Monday 9 December 2013

just found blog article from Steve Elkins from 2012 :)

Steve Elkins (2012): Physicist and unofficial in-house artist for CERN, Michael Hoch, building a replica of the Large Hadron Collider out of Legos.
Photo by David Marks.





In January 2012, I continued production on my new film at CERN's Large Hadron Collider. The LHC is the largest machine ever built and the World Wide Web was created to process its data. It's a 17 mile long microscope which is searching for extra dimensions, the "God particle," anti-matter, and forces akin to those that took place in the first trillionth of a millisecond after the Big Bang at incredibly small sizes on the order of a tenth of a thousandth of a trillionth of a millimeter.

It generates a magnetic field more than 100,000 times stronger than the Earth’s and temperature necessary for the LHC’s superconducting magnets to operate is the coldest extended region that we know of in the universe - even colder than outer space.
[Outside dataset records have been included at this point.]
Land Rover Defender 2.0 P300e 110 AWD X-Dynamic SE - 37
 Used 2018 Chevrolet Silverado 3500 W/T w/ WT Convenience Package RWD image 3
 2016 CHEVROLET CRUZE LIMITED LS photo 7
The magnets contain 1,200 tons of superconducting filaments much smaller than a human hair which, if unwrapped, would be long enough to encircle the orbit of Mars. The vacuum inside the proton-containing tubes, a 10 trillionth of an atmosphere, is the most complete vacuum over the largest region ever produced. The LHC uses an amount of electricity required for a small city such as nearby Geneva. The LHC’s $9 billion price tag also makes it the most expensive machine ever built.